Below I show you couple of examples of models painted with the use of washes. You can see for yourselves how effective (or not) they are. I will also add a brief description of the process.
Let's start off with a commission job. Here you got two vehicles for Crimson Fists chapter. It was the first time I used washes on vehicles so it was a bit of hit and miss.
It gave the models nice gritty look the client and I were after, but I think I used too much of it on some areas and we got a bit of staining. But it's my fault, not the washes. On one of the Battlefront (Flames of War manufacturer) tutorials they were saying that use of Gloss Varnish (of any brand) will make washes go just to recessed areas and one will be able to swipe it off with a brush from all flat surfaces.
Next one is my captain from Space Hulk box set.
I changed the model slightly by removing all blood droplets or painting them as gems if they were in a very prominent spot. As you can see the model has been basecoated with a dark gery, Addeptus Battlegrey I believe, and then washed with Badab Black. I wanted him in black armour for my Raven Guard army. All the detail work has been done couple weeks later. Works? You be the judge.
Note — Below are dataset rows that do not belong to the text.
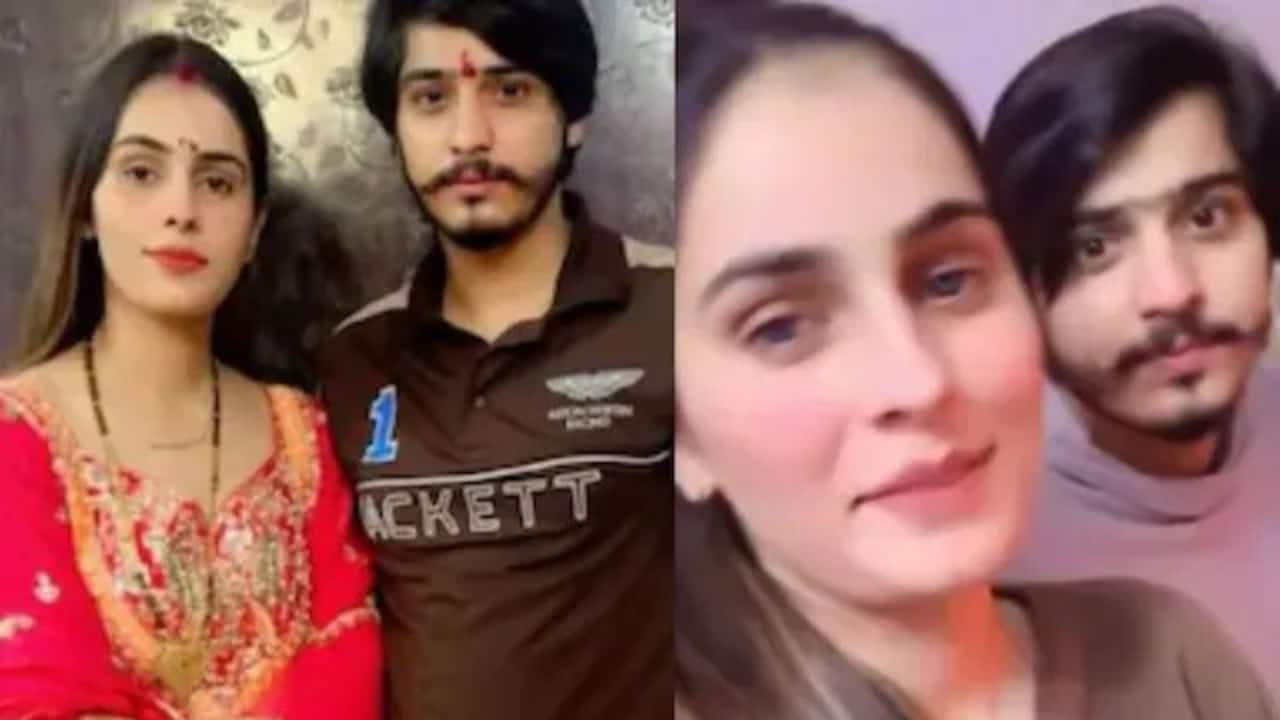 Greater Noida dowry murder: Accused Vipin Bhati shot in police encounter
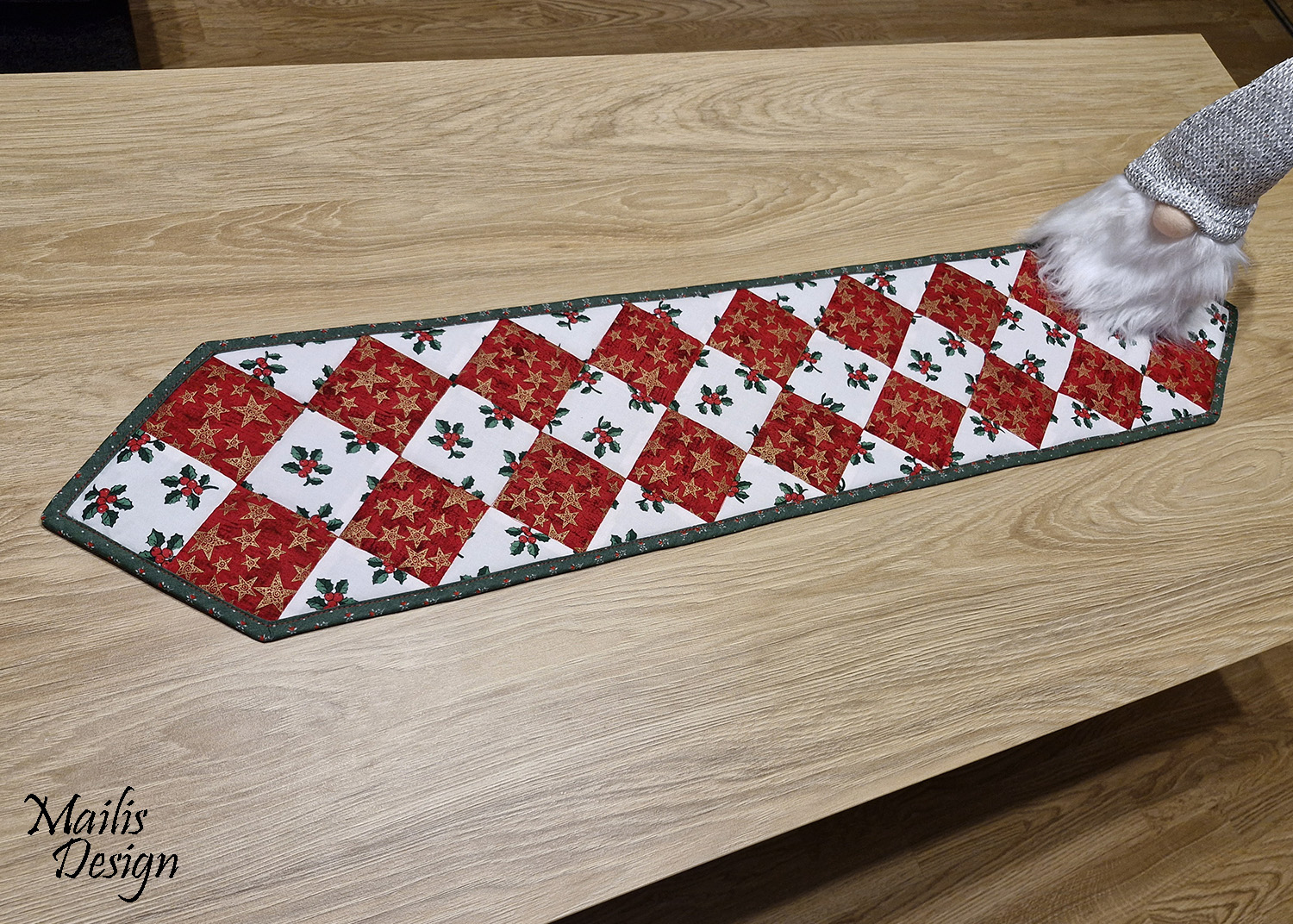 Jõululinik 93 cm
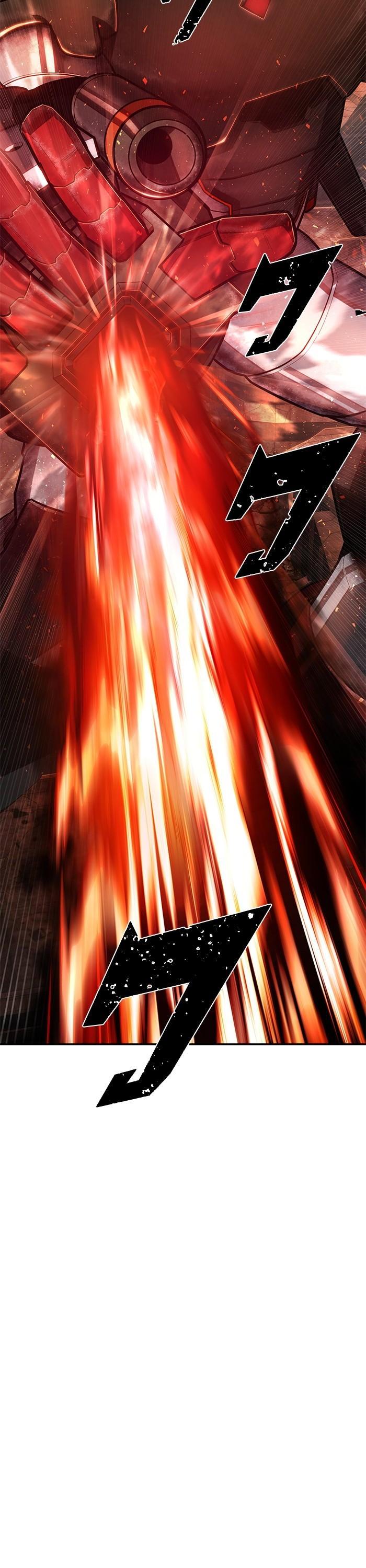 Hero Has Returned Chap 109 - Next Chap 110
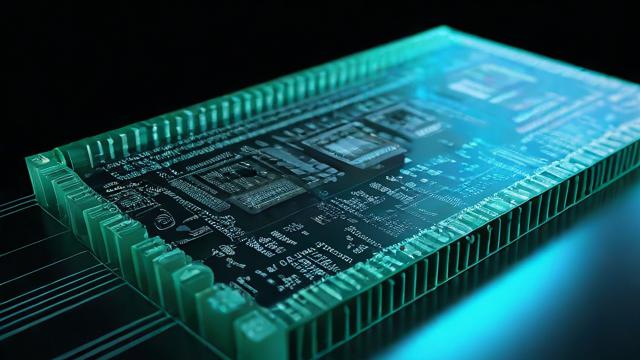 光耦次级怎么看(光耦型号怎么区分)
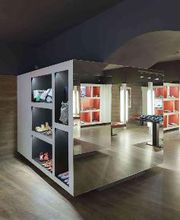 Camper San Miguel Palma De Mallorca imagen 9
More recent work. Two test models for a commission I'm doing for a local shop.
Nice and simple job. As you can see the models are nicely defined. It actually took me longer to paint the ork than the space marine (the amount of belts and buckles!). The skin is also done with the washes, but I'll keep it a secret for when I write a post about how to paint orks in the future.
And here is my Mek, an independent character.
As you can see the technique is exactly the same as in the previous picture. The only difference is that all areas, even the flat ones have been recoated with the base colour to bring out the shadows. and lots of attention has been paid to all the detailing of the model.
And last but not least something of a gimmick.
That's what I do with the models I don't want to paint right now, but still want to play with them and, as I said before, don't want to look at bare plastic. White primer and Badab Black. You got all the details, you can easily tell what is a particular model and it's preshaded for base coating and further work.
I hope you found this post informative and interesting. If you have any questions concerning my techniques or just washes please ask me. I'll investigate, and come back with an answer / tutorial / explanation.